Land trusts often work cooperatively with government agencies by acquiring
or managing land, researching open space needs and priorities, and assisting
in the development of open space plans. They also may work with other
nonprofit organizations and sometimes with developers. A land trust may do
one, several, or all of these things.

Some land trusts are organized to protect a single piece of property, but
the more active trusts have a larger land protection agenda. They may focus
their efforts in a community, in a region, on a particular type of resource,
or on a protection project. Some operate statewide and work cooperatively
with local land trusts in addition to conducting their own land conservation
projects. Resources protected by land trusts include forests, prairie
grasslands, islands, urban gardens, river corridors, farmland, watersheds,
parklands, marshes, ranchland, scenic vistas, cultural landscapes, Civil War
battlefields, and hiking trails.

Most land trusts depend on volunteer leadership and support even if they
also have a professional staff. They have the potential to bring together a
wide range of people in a community, such as naturalists, planners, farmers,
hunters, landowners, community leaders, sometimes developers, and others
who care about special lands in their communities.

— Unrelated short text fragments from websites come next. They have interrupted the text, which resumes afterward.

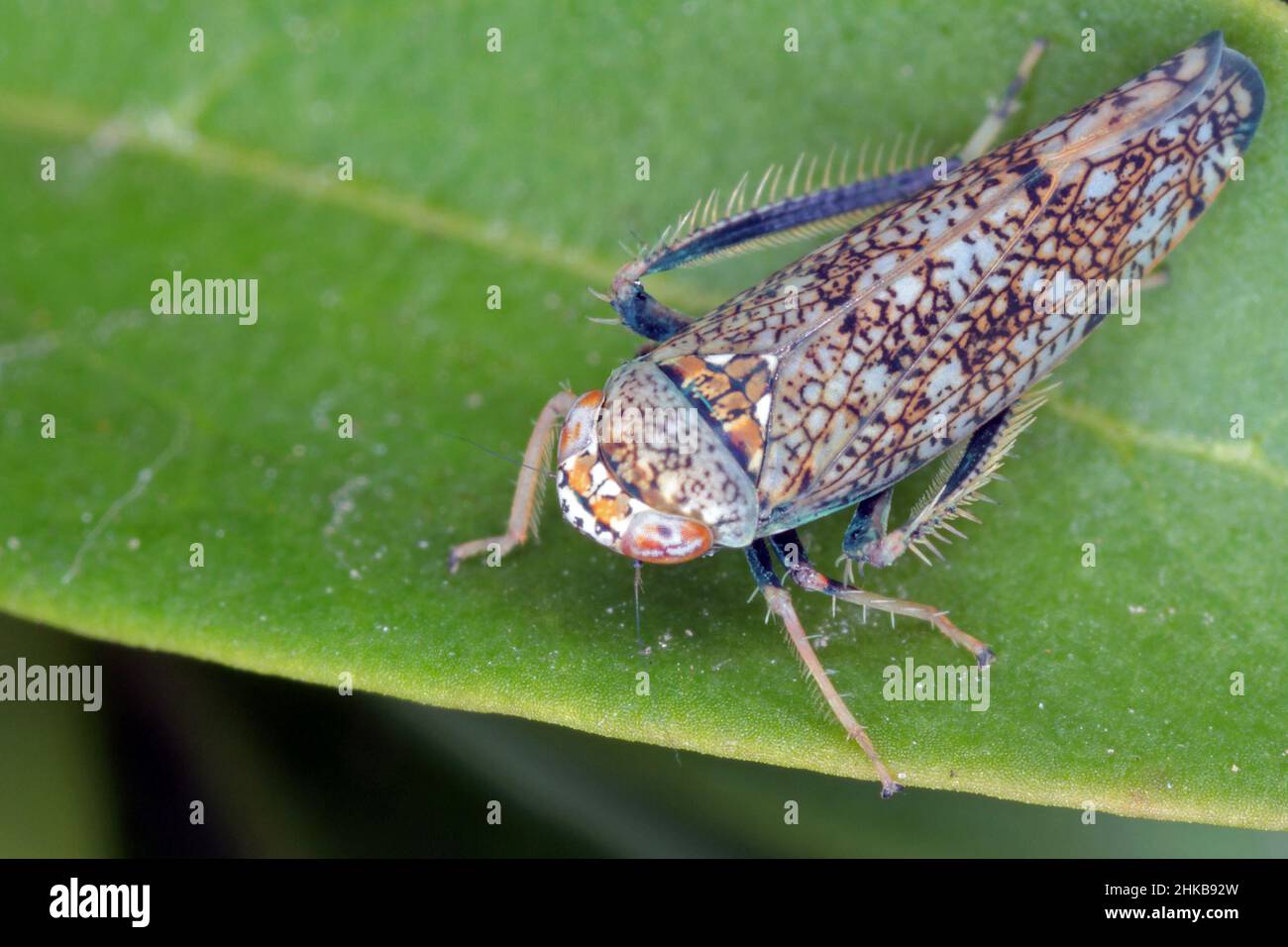 Japanischer Blatttrichter, Mosaic Blatttrichter - Orientus ishidae. Erwachsener sitzt auf einem Blatt. Stockfoto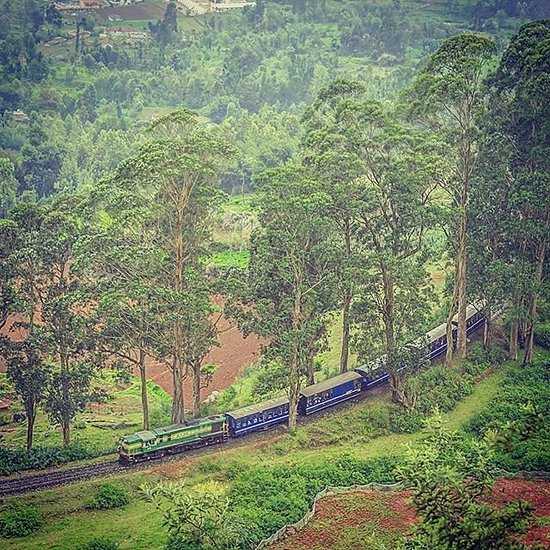 Nilgiri Mountain Railway Photo 3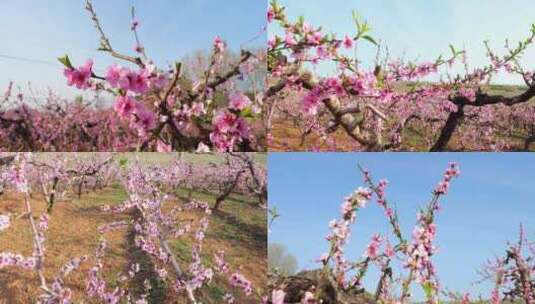 桃园 桃林 春暖花开 春天 桃花特写高清在线视频素材下载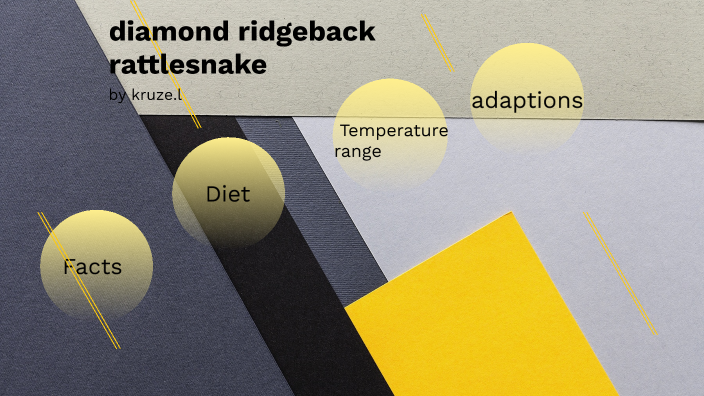 diamond ridge back presentation by kruze Lyons on Prezi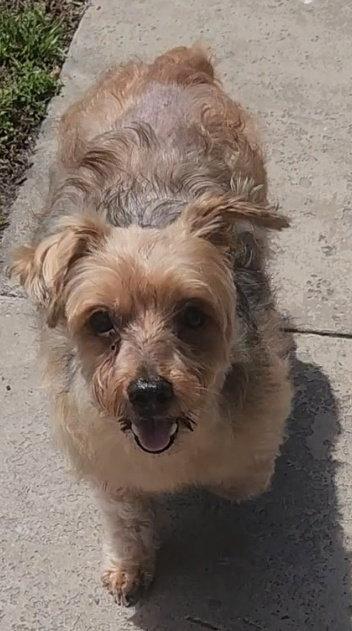 Louie - M, a Adoptable mixed breed in Tampa, FL image 2/3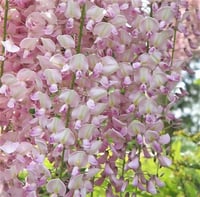 Wisteria floribunda Rosea Pembe Çiçek Morsalkım Mor Salkım fidanı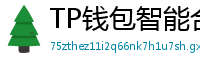 TP钱包智能合约交互｜Remix IDE手机端调试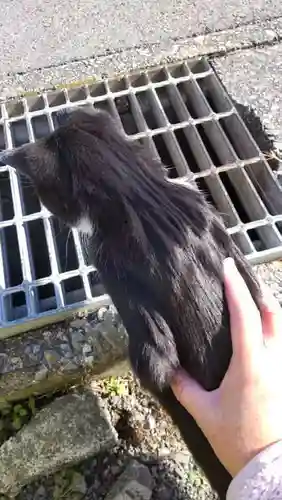 十輪寺(埼玉県)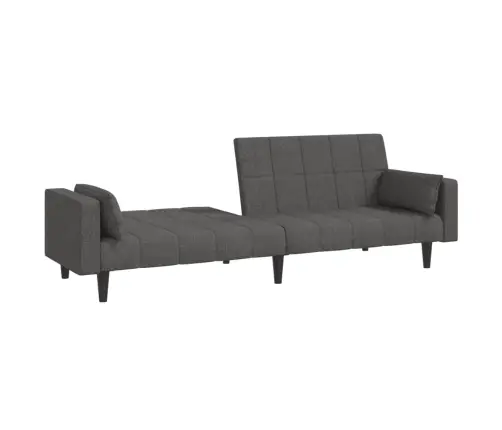 Dvivietė Sofa-Lova Su Dvejomis Pagalvėmis, Pilka, Audinys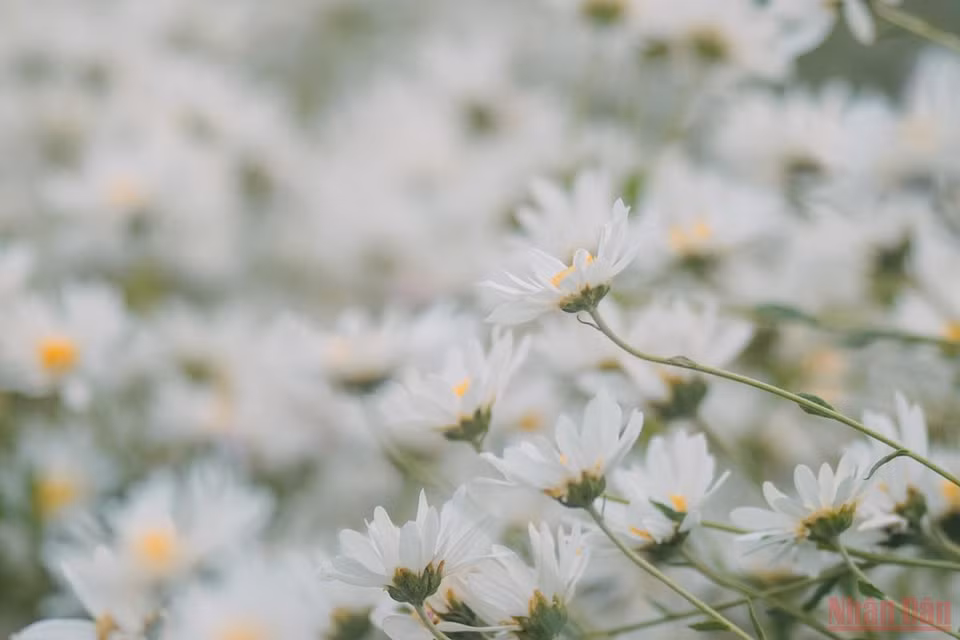 En cette période, ce serait une faute de goût de ne pas acheter un bouquet. Mais pour plus de romantisme, allez admirer les champs de fleurs en banlieue. Photo: Nhandan.vn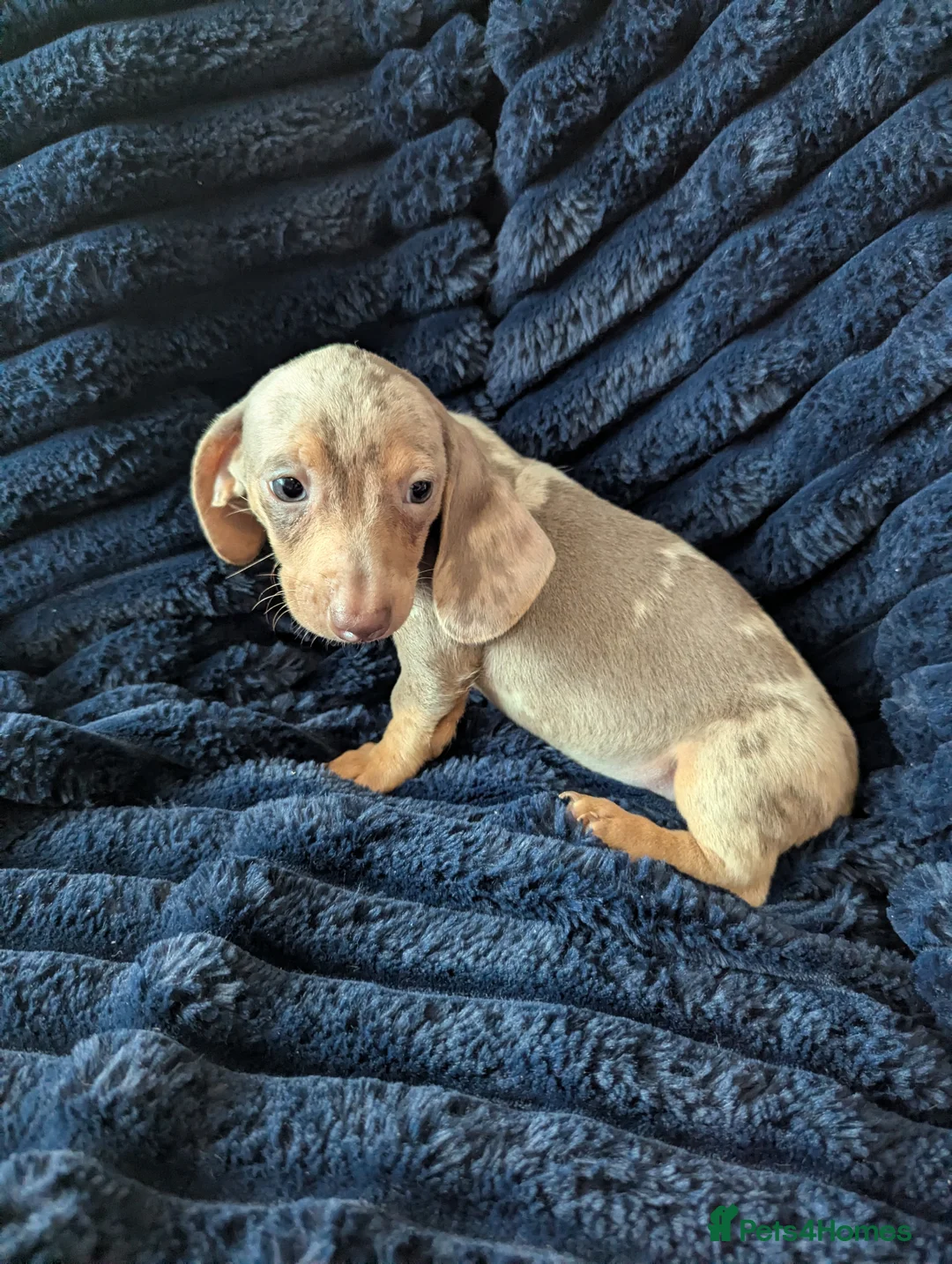 Miniature Dachshund dogs for sale: Miniature dachshund puppies  - Advert 26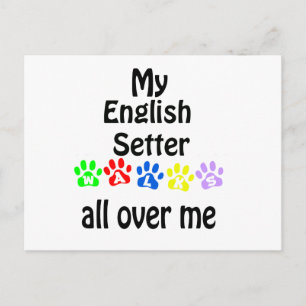 Carte Postale Conception des marches de Setter Anglais
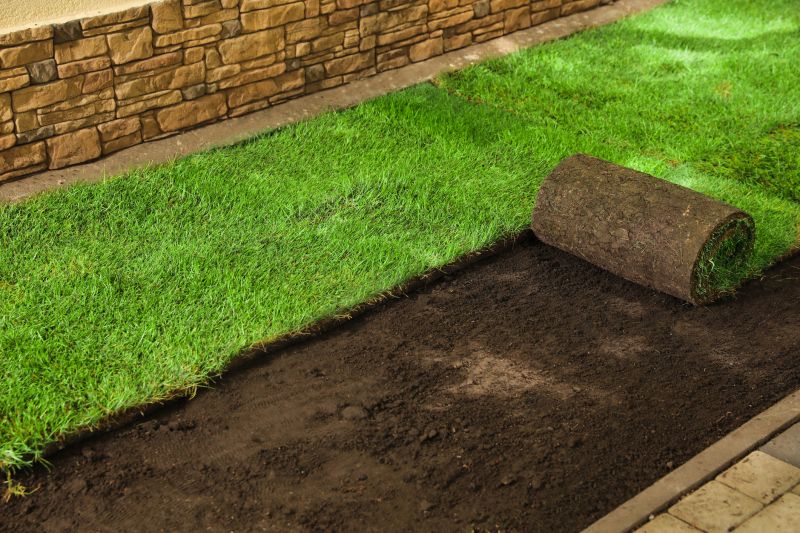 Turfing Service in Rockwall, TX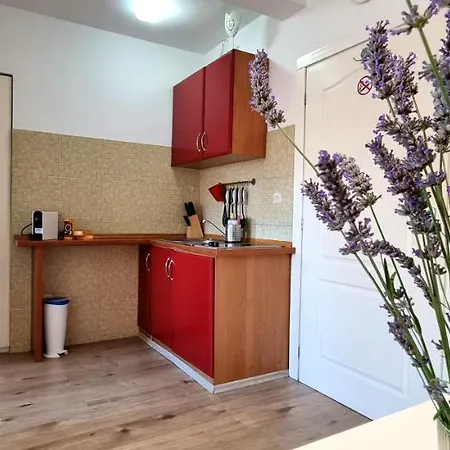 Tiny Studio Big Living Apartment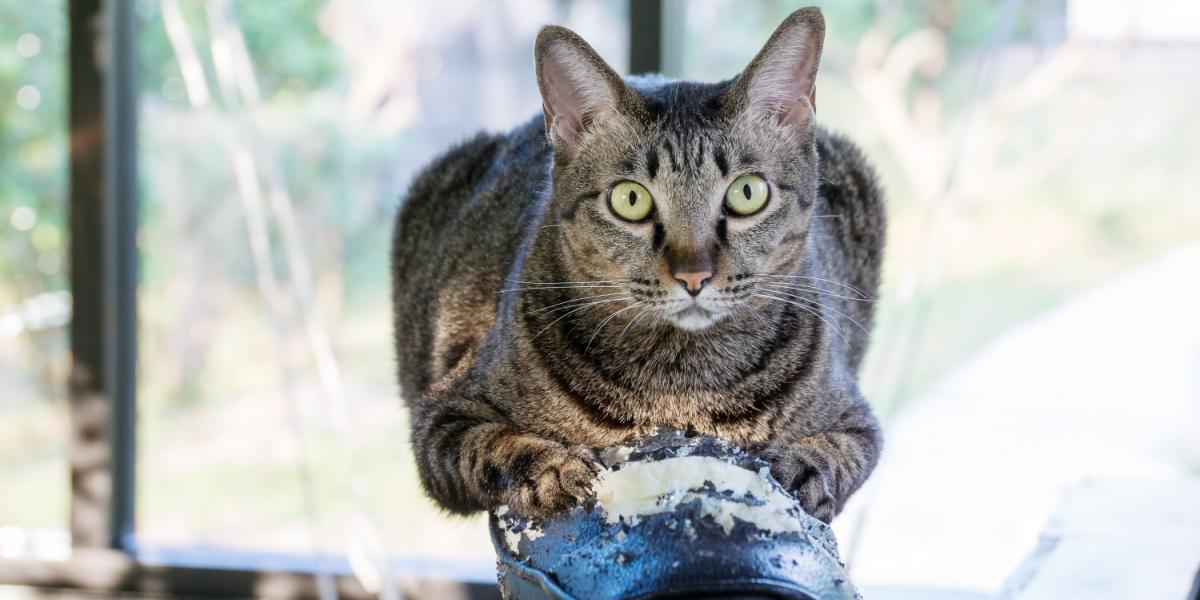 Gato de rayas grises rascando una silla negra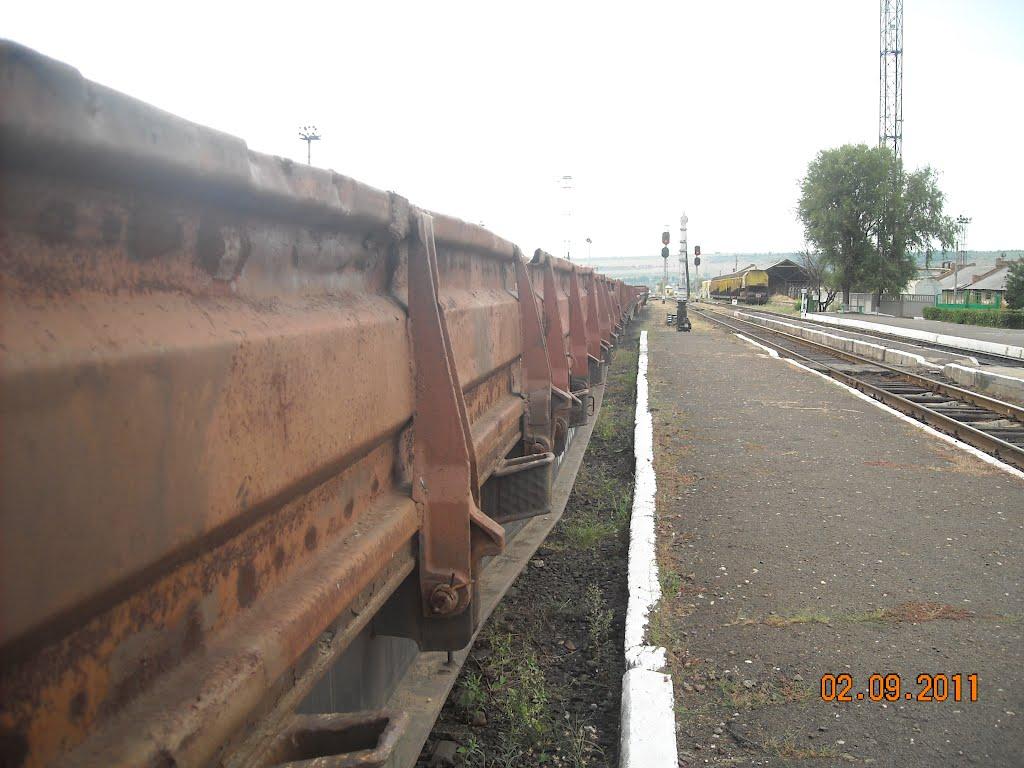 Серпневе з panoramio.com - Серпневое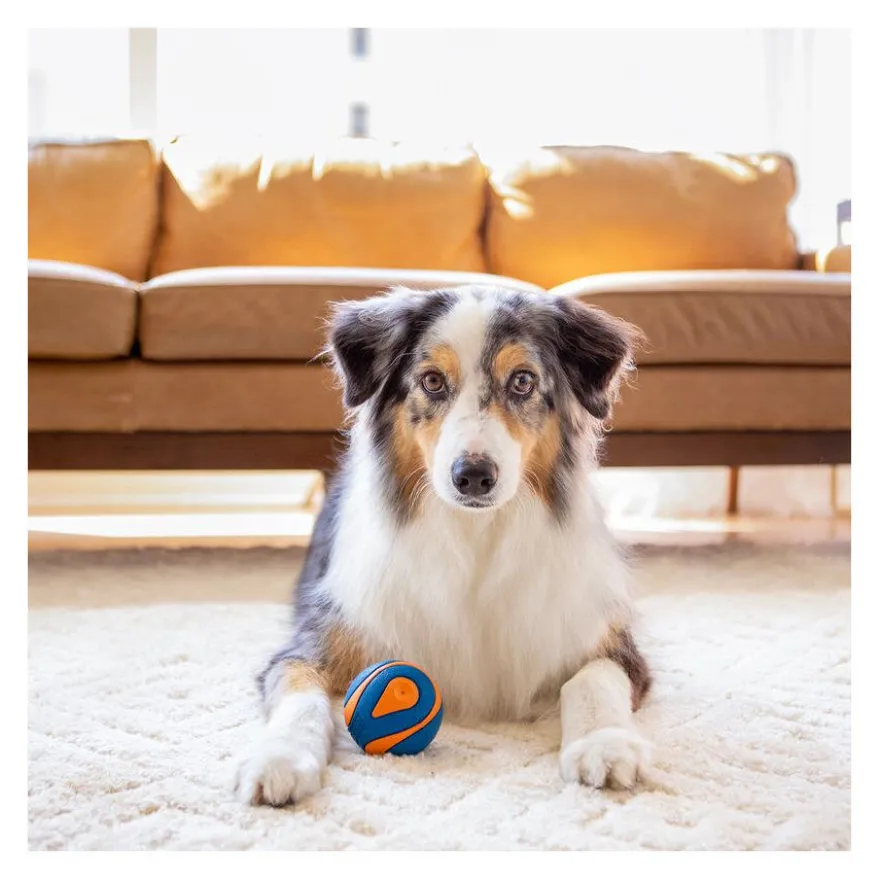 Chuckit! Ultra Squeaker Pelota con Sonido y Rebote para perros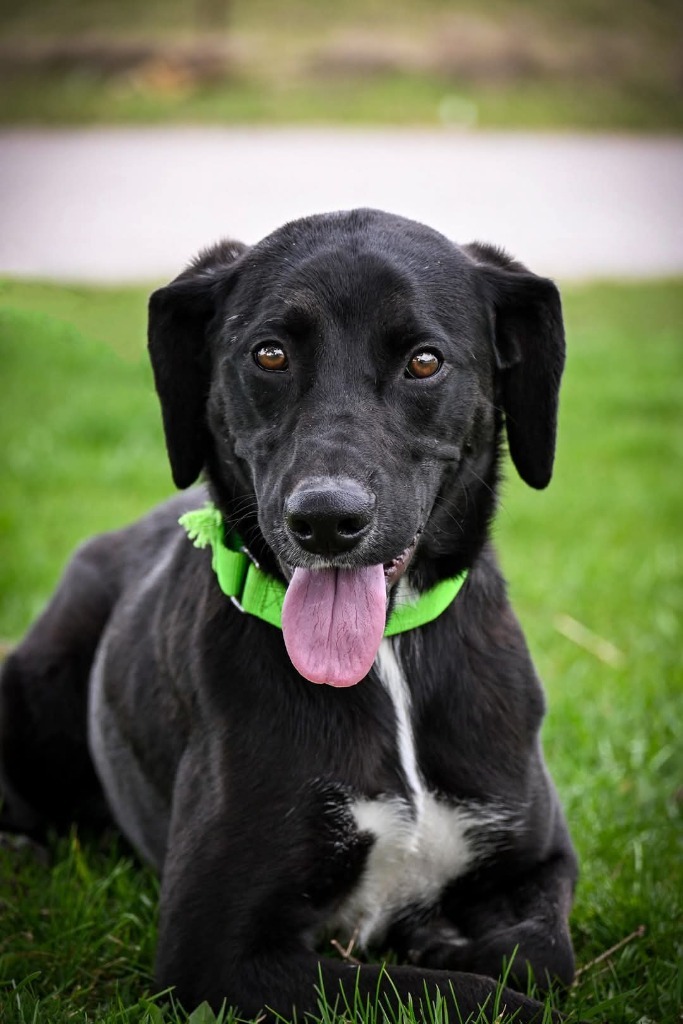 Terra Black Lab
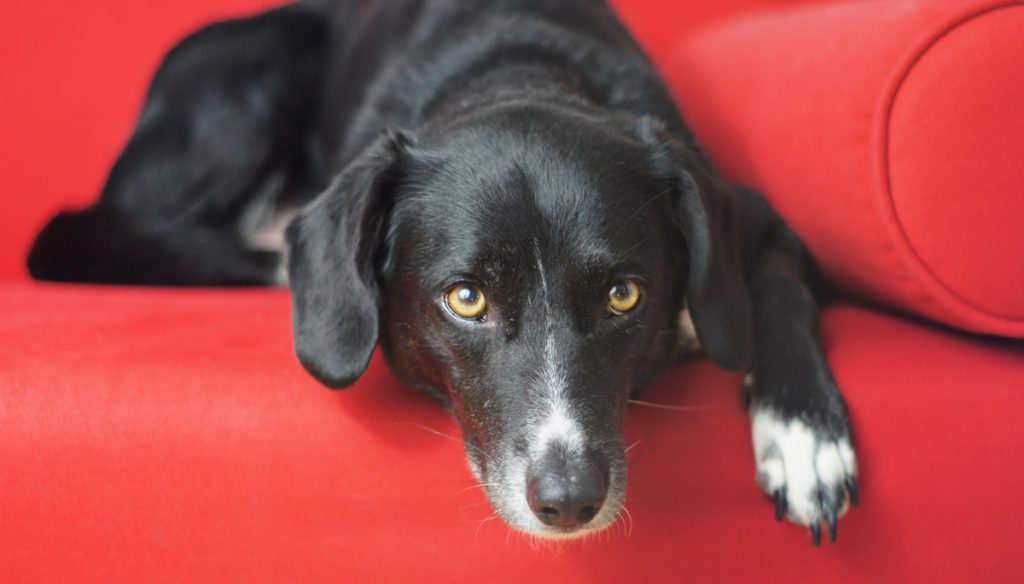 Stadthund Mona auf dem Sofa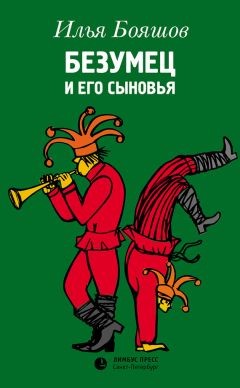 Читайте книги онлайн на Bookidrom.ru! Бесплатные книги в одном клике Илья Бояшов - Безумец и его сыновья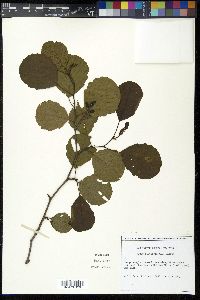 Alnus glutinosa image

Land trusts have many advantages as a vehicle for protecting land. They can
hold and manage land and other assets as a corporation, rather than through
individuals. As private organizations, land trusts can be more flexible and
creative and can generally act more quickly than government agencies, since
they are not as restrained by politics and procedures. They are able to
negotiate with landowners discreetly, confidentially, and quickly.

Their nonprofit status brings them a variety of tax benefits. Donations to
land trusts may qualify donors of land, conservation easements [also called
conservation restrictions], or money for income, estate, or gift tax
savings. Properly structured land trusts are exempt from federal and state
income taxes, and sometimes from local property and real estate transfer
taxes as well. Nonprofit status is also an advantage in raising funds from
a variety of sources.

As community-based organizations, land trusts draw on community resources,
including volunteer time and skills. Their community orientation is also
helpful in selecting and negotiating transactions. They are familiar with
the land in the area and often have the trust and confidence of local
landowners who may not want to work with government agencies or entities
from outside the community.

(Source: The Land Trust Alliance. Starting a Land Trust: A Guide to
Forming a Land Conservation Organization. Virginia: The Land Trust
Alliance, 1990.)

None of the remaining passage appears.